Personal information
- Born: August 29, 1926 Los Angeles, California, U.S.
- Died: September 22, 2010 (aged 84) San Juan Capistrano, California, U.S.
- Listed height: 5 ft 10 in (1.78 m)
- Listed weight: 185 lb (84 kg)

Career information
- High school: Grant Union (Sacramento, California)
- College: USC (1944, 1946–1948)
- NFL draft: 1948: 9th round, 67th overall pick

Career history

Playing
- Detroit Lions (1949–1952); Washington Redskins (1953); Los Angeles Rams (1954);

Coaching
- Washington (1955) Defensive backs coach; West Contra Costa (1956) Head coach; USC (1957–1958) Defensive backs coach; Notre Dame (1959–1962) Defensive backs coach; Detroit Lions (1963–1964) Defensive backs coach; Los Angeles Rams (1965) Defensive backs coach; Washington Redskins (1966–1970) Defensive backs coach; Green Bay Packers (1971–1973) Defensive backs coach; Baltimore Colts (1974) Defensive coordinator; Miami Dolphins (1975–1976) Linebackers coach; San Francisco 49ers (1977) Special assignments coach; Detroit Lions (1978–1985) Special teams coach; Detroit Lions (1986–1988) Tight ends coach;

Awards and highlights
- NFL champion (1952); Second-team All-Pro (1951); 4× Pro Bowl (1950–1953); NFL kickoff return yards leader (1949); Detroit Lions 75th Anniversary Team; Detroit Lions All-Time Team; Third-team All-American (1947); 2× First-team All-PCC (1947, 1948); NFL record Most interception return yards in a season by a rookie: 301;

Career NFL statistics
- Interceptions: 41
- interception return yards: 617
- Total touchdowns: 3
- Stats at Pro Football Reference

Head coaching record
- Regular season: 2–7–0 (.222)
- Coaching profile at Pro Football Reference

= Don Doll =

American football player and coach (1926–2010)

Donald LeRoy Doll (August 29, 1926 – September 22, 2010), also known as Don Burnside, was an American professional football player and coach.

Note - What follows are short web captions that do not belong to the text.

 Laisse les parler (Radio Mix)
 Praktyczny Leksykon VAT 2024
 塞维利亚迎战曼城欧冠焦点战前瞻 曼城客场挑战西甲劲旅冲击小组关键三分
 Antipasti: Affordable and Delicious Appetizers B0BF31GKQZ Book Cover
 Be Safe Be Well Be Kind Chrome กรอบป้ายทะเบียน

Doll played college football for the USC Trojans (1944, 1946–1948) and professionally in the National Football League (NFL) with the Detroit Lions (1949–1953), Washington Redskins (1954) and Los Angeles Rams (1955). He was selected to play in each of the first four Pro Bowls and was named the Most Valuable Player in the 1952 season Pro Bowl. He played safety on the 1952 Detroit Lions team that won the NFL championship. He tied an NFL record in 1949 with four interceptions in a single game and is the only player in NFL history to have 10 or more interceptions in each of three different seasons (1949, 1950 and 1953). When he retired at the end of the 1954 season, he was 2nd in the all-time list with 41 interceptions.

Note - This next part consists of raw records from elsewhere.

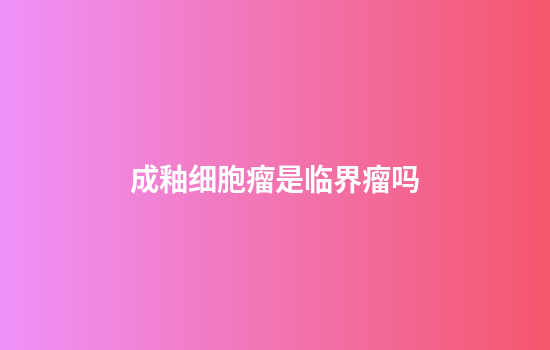 成釉细胞瘤是临界瘤吗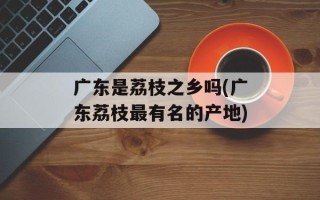 广东是荔枝之乡吗(广东荔枝最有名的产地)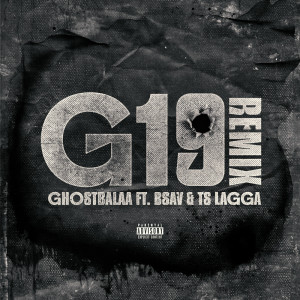 Ghostbalaa的专辑G19 (Remix) (Explicit)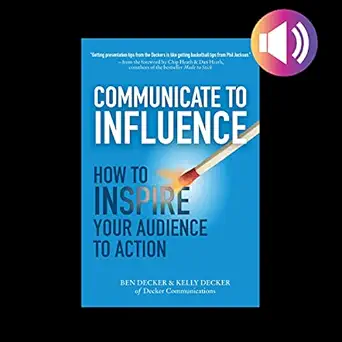 communicate to influence how to inspire your audience to action 1st edition ben decker ,kelly decker ,john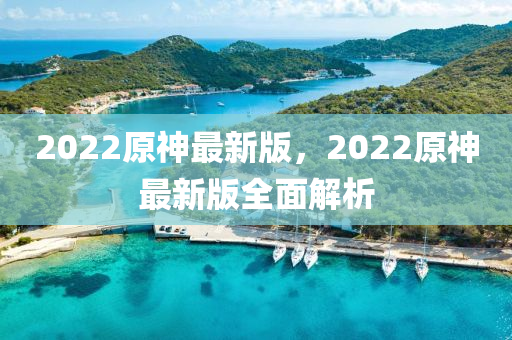 2022原(yuan)神最(zui)新版，2022原(yuan)神(shen)最(zui)新版全麵(mian)解(jie)析(xi)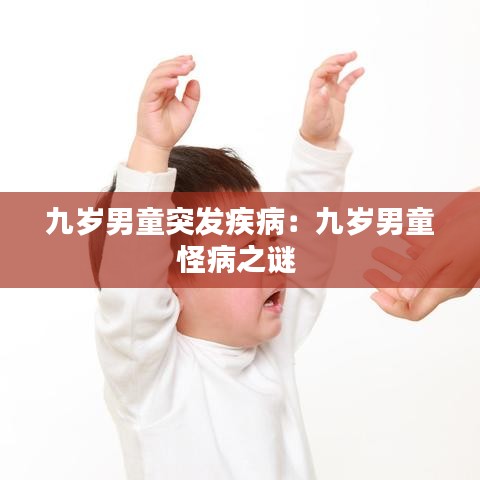 九岁男童突发疾病：九岁男童怪病之谜 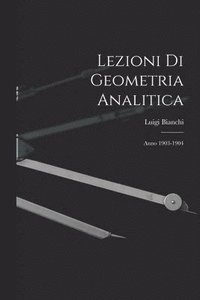 bokomslag Lezioni Di Geometria Analitica: Anno 1903-1904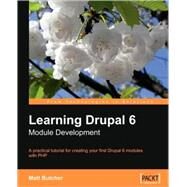 Learning Drupal 6 Module Development: A Practical Tutorial for Creating Your First Drupal 6 Modules With Php by Butcher, Matt, 9781847194442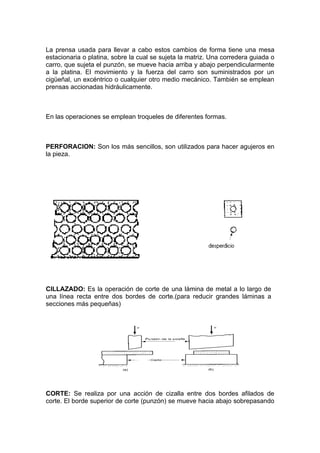 La prensa usada para llevar a cabo estos cambios de forma tiene una mesa
estacionaria o platina, sobre la cual se sujeta la matriz. Una corredera guiada o
carro, que sujeta el punzón, se mueve hacia arriba y abajo perpendicularmente
a la platina. El movimiento y la fuerza del carro son suministrados por un
cigüeñal, un excéntrico o cualquier otro medio mecánico. También se emplean
prensas accionadas hidráulicamente.



En las operaciones se emplean troqueles de diferentes formas.



PERFORACION: Son los más sencillos, son utilizados para hacer agujeros en
la pieza.




CILLAZADO: Es la operación de corte de una lámina de metal a lo largo de
una línea recta entre dos bordes de corte.(para reducir grandes láminas a
secciones más pequeñas)




CORTE: Se realiza por una acción de cizalla entre dos bordes afilados de
corte. El borde superior de corte (punzón) se mueve hacia abajo sobrepasando
 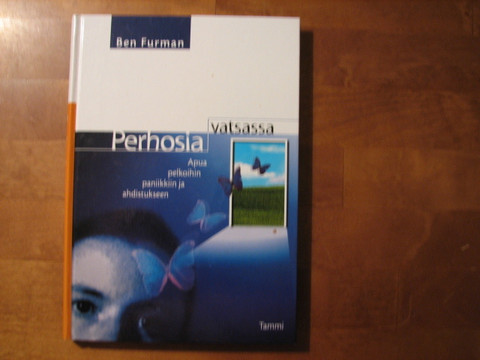 Perhosia vatsassa, apua pelkoihin, paniikkiin ja ahdistukseen, Ben Furman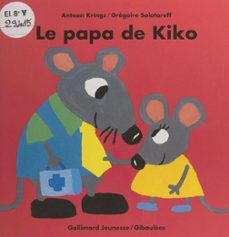 le papa de kiko (ebook)-antoon krings-gregoire solotareff-9782075114530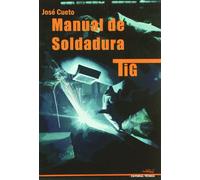 MANUAL DE SOLDADURA TIG BIBL-TECN 107 (BIBL-TECNICA)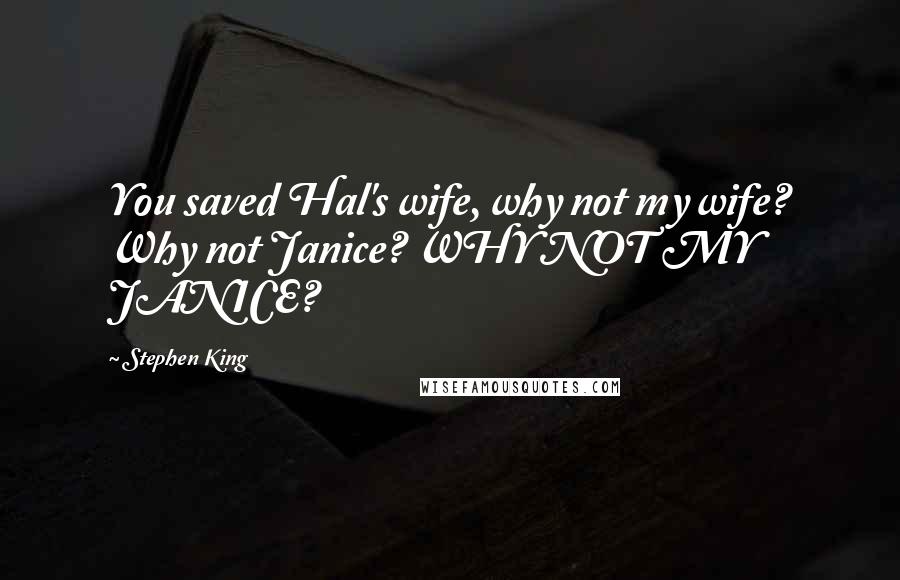 Stephen King Quotes: You saved Hal's wife, why not my wife? Why not Janice? WHY NOT MY JANICE?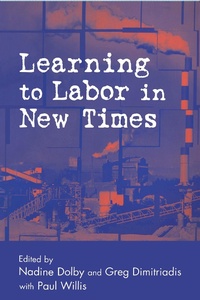 Enlarge image Cover: Learning to Labor in New Times - Routledge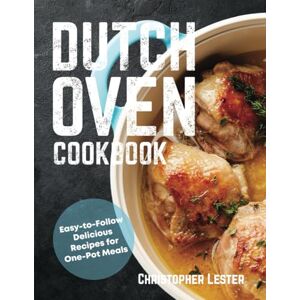 Lester, Christopher Dutch Oven Cookbook: Easy-to-Follow Delicious Recipes for One-Pot Meals (One Pan Cooking) Lester, Christopher Dutch Oven Cookbook: Easy-to-Follow Delicious Recipes for One-Pot Meals (One Pan Cooking)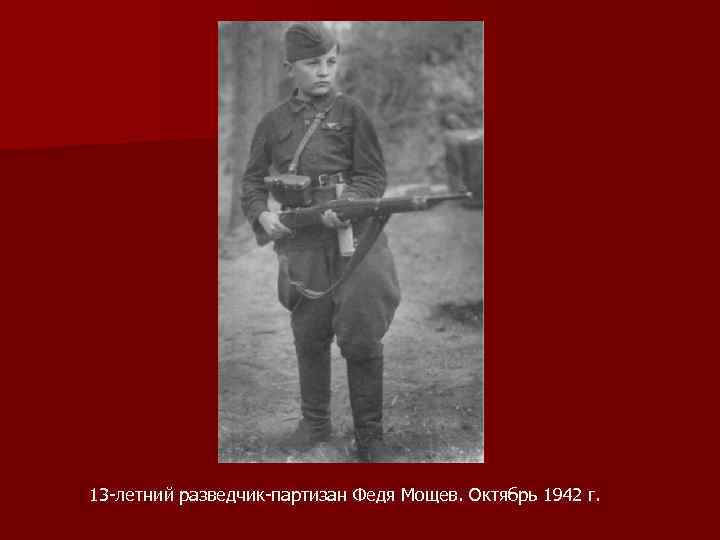 13 -летний разведчик-партизан Федя Мощев. Октябрь 1942 г. 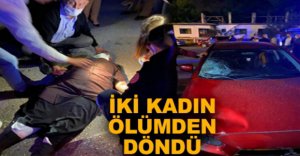 İKİ KADIN ÖLÜMDEN DÖNDÜ
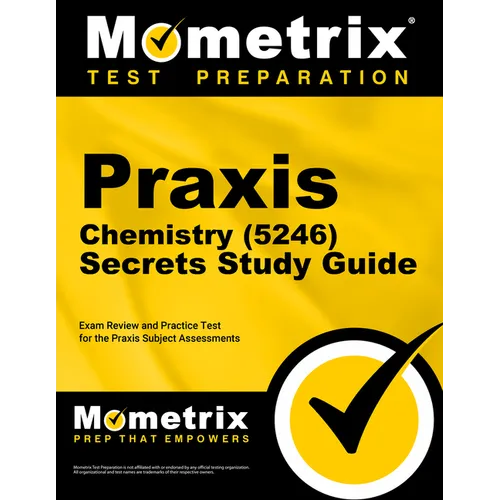 Praxis Chemistry (5246) Secrets Study Guide: Exam Review and Practice Test for the Praxis Subject Assessments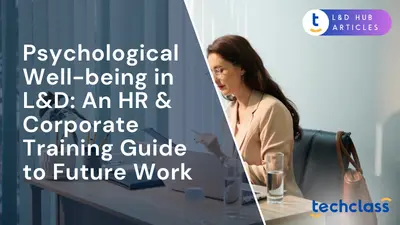 Psychological Well-being in L&D: An HR & Corporate Training Guide to Future Work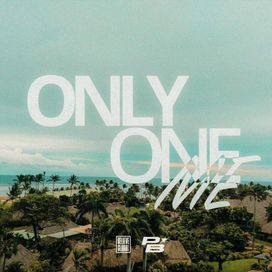 Only One Me - 2024 • Single/EP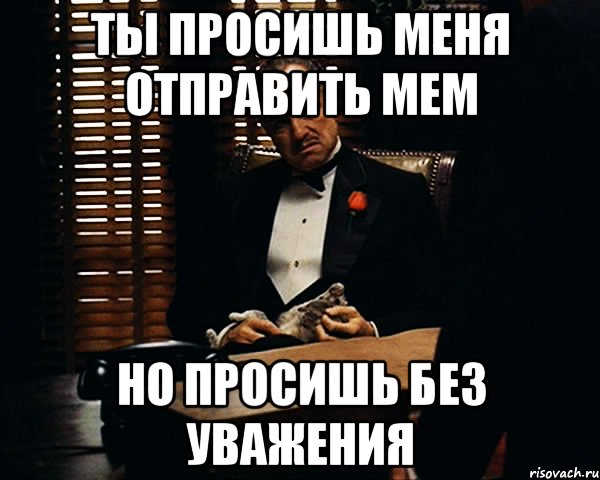 ТЫ ПРОСИШЬ МЕНЯ ОТПРАВИТЬ МЕМ НО ПРОСИШЬ БЕЗ УВАЖЕНИЯ, Мем Дон Вито Корлеоне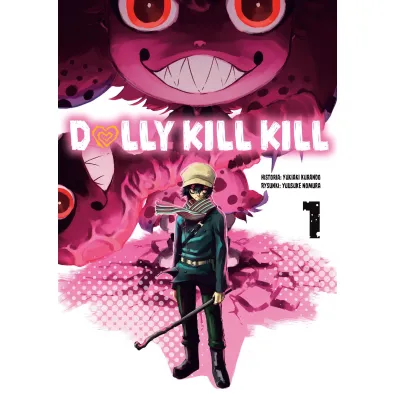 Dolly Kill Kill. Tom 1 - Yukiaki Kurando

After retiring as a player, Doll worked as a football coach for 34 years, serving as the head coach at West Contra Costa Junior College in 1956 and as an assistant coach with the University of Washington (1955), USC (1957–1958), Notre Dame (1959–1962), Detroit Lions (1963–1964), Los Angeles Rams (1965), Washington Redskins (1966–1970), Green Bay Packers (1971–1973), Baltimore Colts (1974), Miami Dolphins (1975–1976), San Francisco 49ers (1977) and Detroit Lions (1978–1988). During his NFL career, he was associated with the game's legendary coaches, as a player for Curly Lambeau and an assistant coach under Vince Lombardi and Don Shula.

==Early life==
Doll attended Grant Union High School in Sacramento, California, where he was an all-league quarterback. Doll was also named Cal-Hi Sports State Player of the Year for football in 1943. He is one of only four Sacramento-area players to earn the honor.

==USC and military service==
Doll played halfback (both offensive and defensive) at the University of Southern California from 1944 to 1948, though he did not play in 1945 while serving in the military. He led the Trojans in rushing three times—in 1944, 1947 and 1948. He also led the team in receptions and scoring in 1948.

===1944 season===
In July 1944, he joined the Trojans as a 17-year-old freshman halfback. He played the 1944 season under his birth name, Don Burnside. In the 1944 season opener against UCLA, Doll had an immediate impact. He played halfback on both offense and defense (the norm in 1944), intercepting a Bob Waterfield pass and returning it 16 yards to the UCLA 22-yard line. On the next play, the Trojans again gave the ball to Doll who ran 20 yards to the 2-yard line. Two plays later, Doll scored on a 1-yard run to give USC a 13–0 lead at halftime.

After the season opener, USC coach Jeff Cravath announced that Doll was being switched to the quarterback position for the second game of the season. Despite the experiment, Doll played principally at halfback during the 1944 season. Prior to the final regular season game (a re-match against UCLA), Al Wolf of the Los Angeles Times called him "S.C.'s 18-year-old freshman whiz."

The 1944 Trojans finished the season undefeated with an 8-0-2 record and defeated Tennessee 25–0 in the 1945 Rose Bowl. Doll played 43 minutes in the Rose Bowl and was the game's leading rusher. Los Angeles Times sports writer Braven Dyer wrote that Doll "shouldered the ball carrying burden almost single handedly" in the Rose Bowl.

===U.S. Marine Corps===
After playing in the Rose Bowl game, Doll was inducted into the United States Marine Corps. He served aboard the battleship and was an eyewitness to the Japanese surrender ceremony on the ship's deck on September 2, 1945.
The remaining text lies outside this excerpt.